The World Around You

“We need to internalize this idea of excellence. Not many folks spend a lot of time trying to be excellent.” - Barack Obama

Entries for August 27th, 2003

Monument Has Been Moved

Roy’s Rock has been moved from the rotunda of the State Judicial Building at approximately three minutes after 9:00 am this morning.

I noticed a greatly increased police presence in downtown Montgomery this morning. Local radio is reporting that the ten commandments monument is in the process of being moved to another location in the state Judicial Building. AP reports,

A moving company began preparations Wednesday morning to move the Ten Commandments from the rotunda of the Alabama Judicial Building to comply with a federal court order to remove it from public display.

Patrick Mahoney, director of the Christian Defense Coalition, said state officials told him that the monument would be moved to another location within the building and that moving equipment is already inside. Two state police officers and two state police officers could be seen studying the monument to determine how to move it.

Mahoney said building manager Graham George told him that monument will not be covered and that he will be allowed inside to see it once it’s moved. Mahoney said he doesn’t know whether the monument’s new location will be accessible to the public.

Protest organizers asked the crowd outside the Judicial Building not to rush the building or do anything except pray.

Houston Answers Charges of a Coup

Acting Chief Justice Gorman Houston released a statement directly contradicting statements made by John Giles of the Christian Coalition. Giles charged that Moore had been denied access to his office and that his employees’ jobs were being threatened. He even went so far as to call the tactics a coup,

Phillip Jauregui, one of Moore’s lawyers, said he could not address whether the chief justice had been denied access to his office.

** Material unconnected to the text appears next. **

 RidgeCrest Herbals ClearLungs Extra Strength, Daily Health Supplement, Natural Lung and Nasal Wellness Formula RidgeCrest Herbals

Houston’s statement — released by his staff attorney, Marc Ayers, late Monday — contradicted Giles’ account.

“The chief justice has access both to his office and to his employees,” the statement read. “Furthermore, his employees’ jobs have in no way been put in jeopardy or otherwise threatened. Suggesting the existence of a ‘coup’ is patently absurd, wholly irresponsible, and, therefore, immoral.”

The statement went on to say that the only limit on Moore’s access was a rule of the Judicial Inquiry Commission, the judicial ethics panel. That rule specifies that judges cannot continue to work while charges are pending with the Court of the Judiciary.